Au Togo, nous avons été impressionnés par la façon dont le personnel de la santé s’est organisée et a su exprimer avec force et de manière très structurée, les revendications de ce corps. Ils sont bien organisés, ils sont restés fermes et finalement, ils ont eu gain de cause. Mais nous avons été choqués par la façon dont la crise estudiantine a été gérée. Ce n’est pas un bon spectacle que de voir des étudiants dont la place devrait être dans des amphis, pourchasser dans la rue de la manière dont cela a été fait.

Savoir News: Quelles sont les actions ou activités menées par la CDPA en 2011?

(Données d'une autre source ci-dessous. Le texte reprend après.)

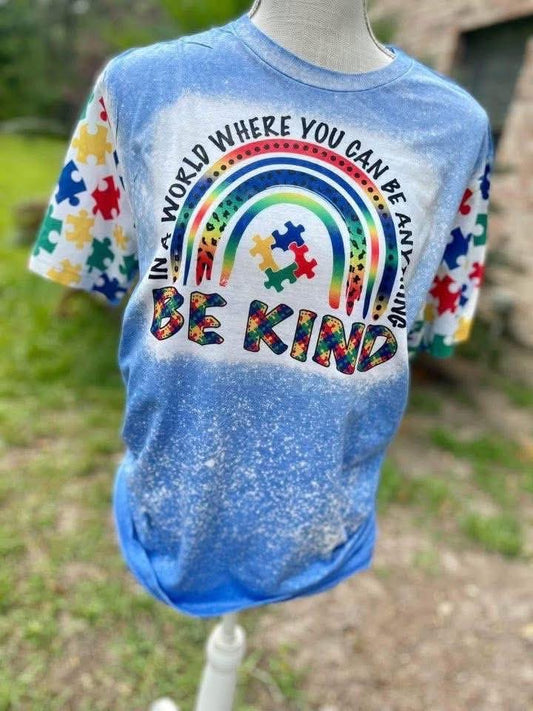 In A World You Can Be Anything, Be Kind Autism Bleached Sublimation Wholesale Shirts- Pack of 10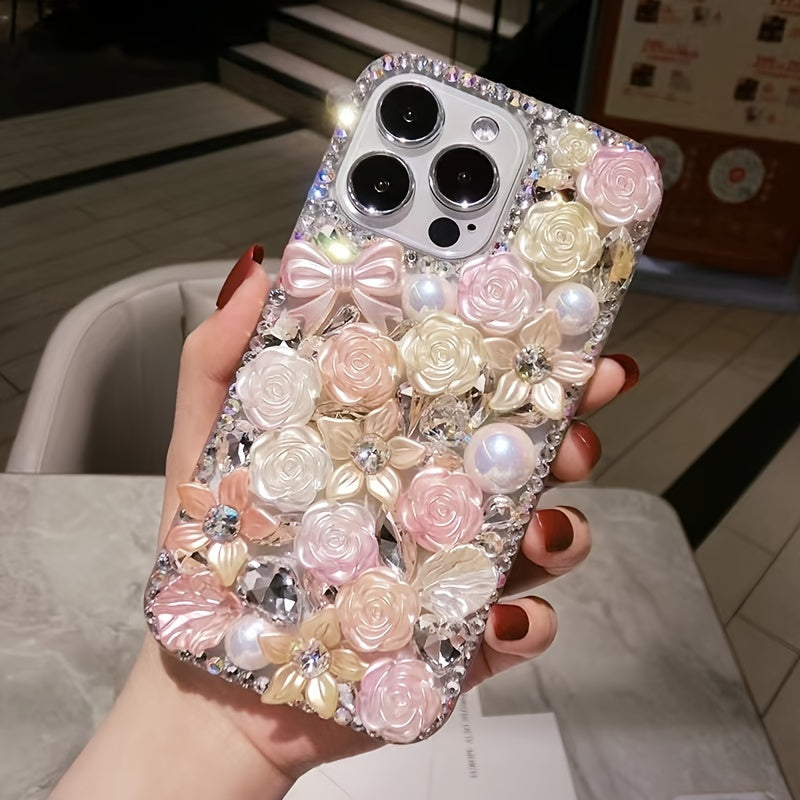 Phone Case - Fashionable And Luxurious Colorful Resin Flower Phone Case with Rhinestones And Pearls, Suitable for Iphone 17 Pro Max/16 Plus/Xr/7G, Designed to Prevent Drops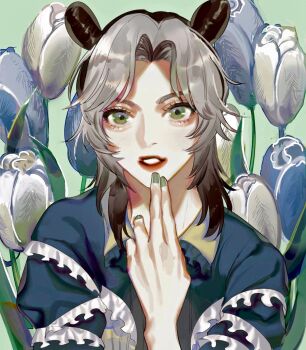 Rule 34 | 1girl, blue flower, commentary, double bun, flower, green eyes, green nails, hair bun, highres, jojo no kimyou na bouken, kuujou jolyne, long hair, masakenme, multicolored hair, solo, stone ocean, two-tone hair, white flower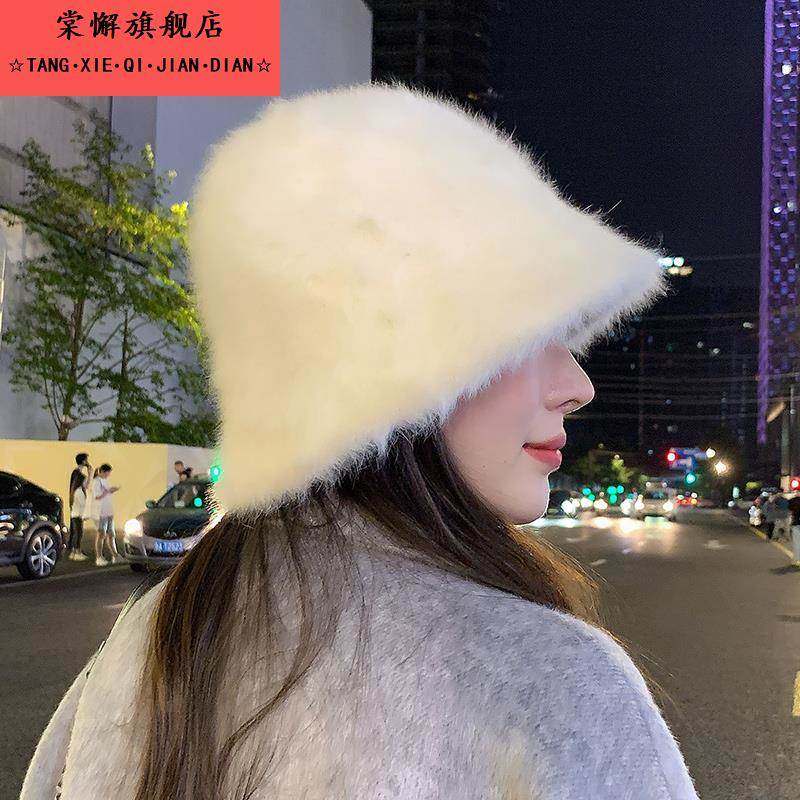 白色兔毛帽子女秋冬季毛绒渔夫帽大头围冬天毛毛水桶帽盆帽显脸小,淘宝优惠券,粉丝福利购,淘宝优惠卷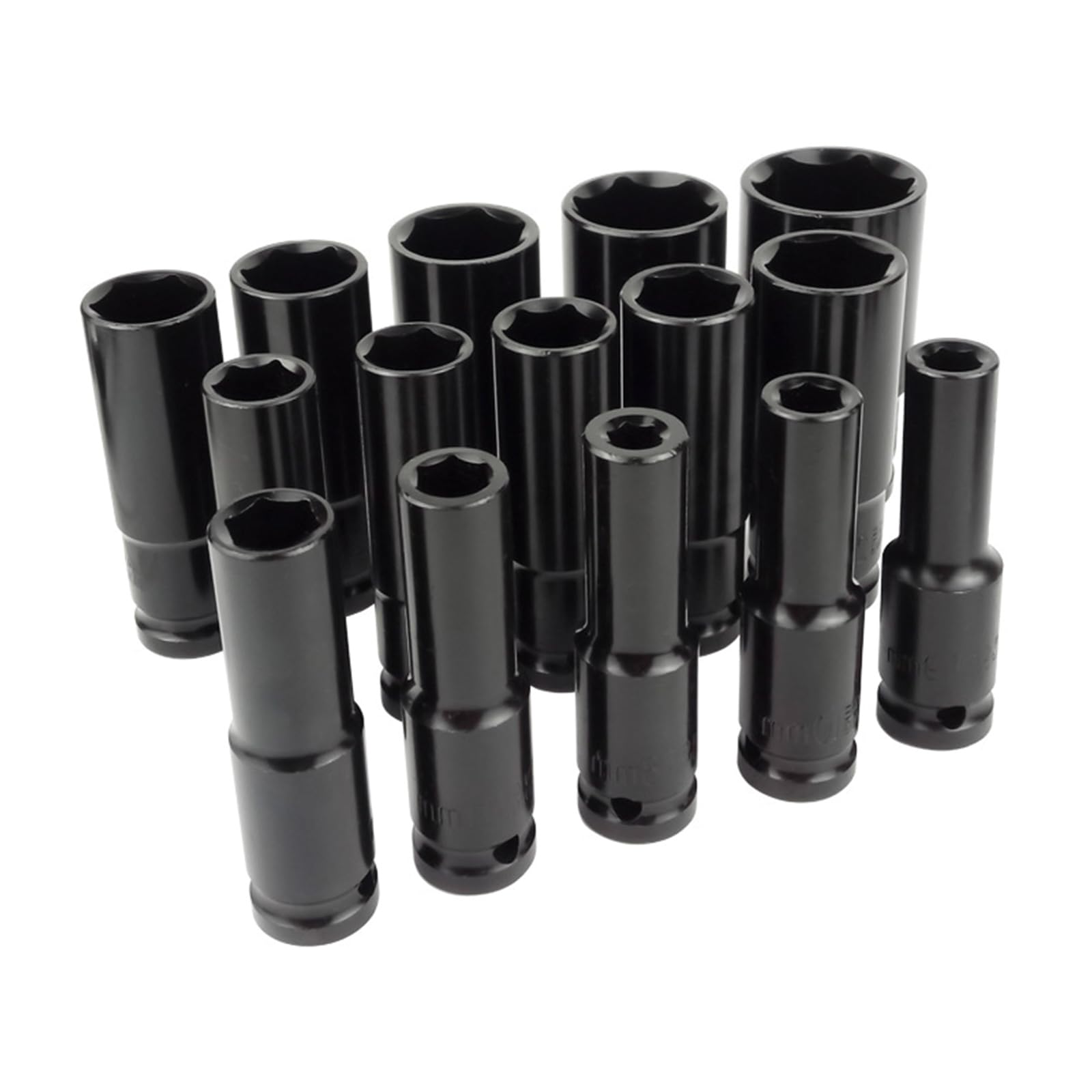 Hsioluted A Duty Ergonomic 15Pcs 1 / 2Inch Wall Impacts Socket Set 8-24Mm For Car Tire Changes Nd Industrial Pplications Long Hexagonal Impacts Socket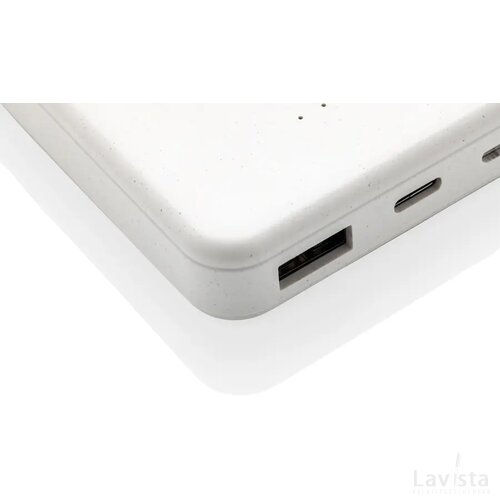 RCS gerecycled plastic 5.000 mAh 5W draadloze powerbank wit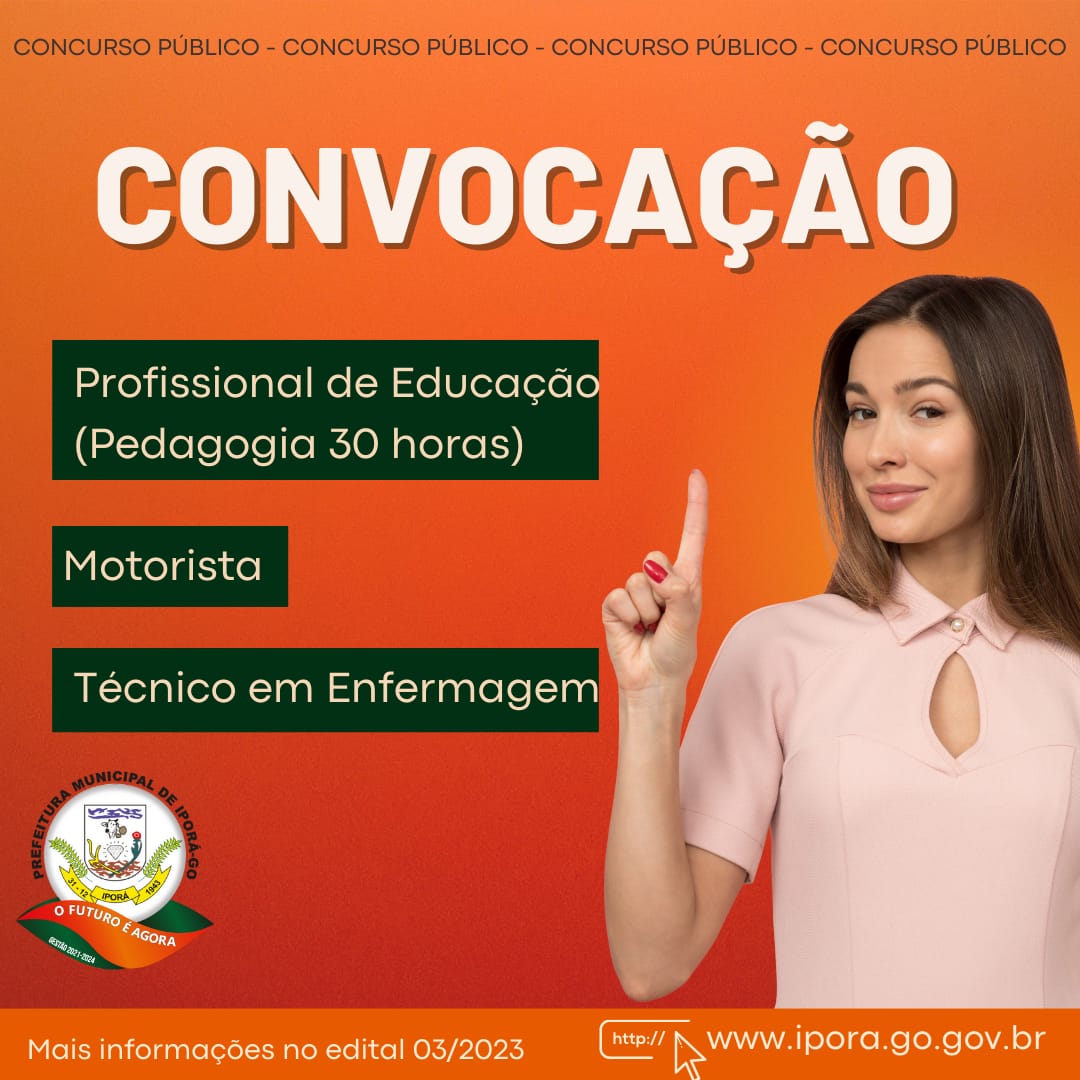 EDITAL DE CONVOCAÇÃO Nº 003/2023 - CONCURSO PÚBLICO - Prefeitura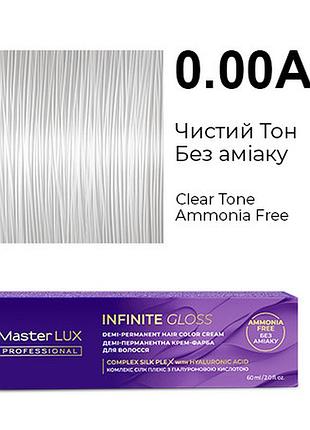 Деми-перманентная крем-краска для волос infinite gloss 0.00af чистый тон без аммиака master lux 60 мл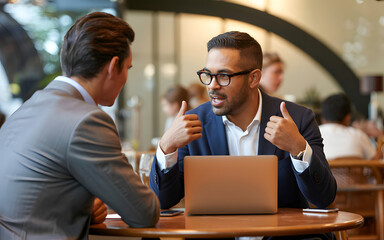 Two diverse businessmen in suits collaborating and discussing ideas with a laptop at a cafe table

Mme Brigitte Kafui Adjamagbo-Johnson: Au cours de l’année 2011, la CDPA en tant que parti politique aspirant à gouverner, a suivi attentivement la façon dont le pays a été géré. La CDPA a su réagir et prendre position et faire en sorte que les solutions soient trouvées aux différents problèmes posés. Ce que la CDPA a essayé de faire passer tout au long de l’année de 2011, c’est ce qui est essentiel pour les togolais aujourd’hui, ce que les togolais attendent: l’alternance. Et la CDPA a pris sur elle, de le marteler à chaque occasion. Plus jamais dans ce pays, on ne devrait être au pouvoir pendant plus de 10 ans. Ce ne sont pas seulement les togolais qui expriment ce genre d’attente, mais c’est universel comme attente. Et ce qui s’est passé en Libye, nous l’a prouvé. Un peuple bien nourri, mais qui s’est soulevé pour avoir été privé pendant tout longtemps de liberté, qu’un seul régime a monopolisée. Nous avons pris sur nous, le soin de commencer à faire un travail. Nous avons véhiculé le message tout au long de l’année 2011 pour que notre pays ne se retrouve pas dans des situations du genre.

Nous avons également pris sur nous de commencer à nous préparer pour les échéances électorales qui nous attendent, à identifier dans nos fédérations, les hommes et les femmes qui vont porter les couleurs du partis.

Savoir News: Le message de vœux du nouvel du chef de l’Etat Faure Gnassingbé a suscité assez de commentaires au sein de la classe politique. A la CDPA, comment avez-vous perçu ce message?

Mme Brigitte Kafui Adjamagbo-Johnson: Les Togolais attendaient beaucoup plus du président de la Président. Les togolais pensaient, qu’au lieu de ce qui a été fait, il fallait que le chef de l’Etat se présente devant l’Assemblée constituée de représentants du peuple, fasse un bilan objectif et dresse des perspectives qui rassurent.

Mais au lieu de cela, nous avons écouté le président de la République qui s’est délivré un satisfécit et qui a donné l’impression que le peuple ne donne pas suffisamment.

Cela nous a paru surréaliste dans ce contexte où il y a en cours des revendications provenant des couches importantes de la société. Que le chef de l’Etat les rassure et qu’il montre qu’il les a écoutés et qu’il est prêt à travailler à la mise en œuvre de leurs revendications.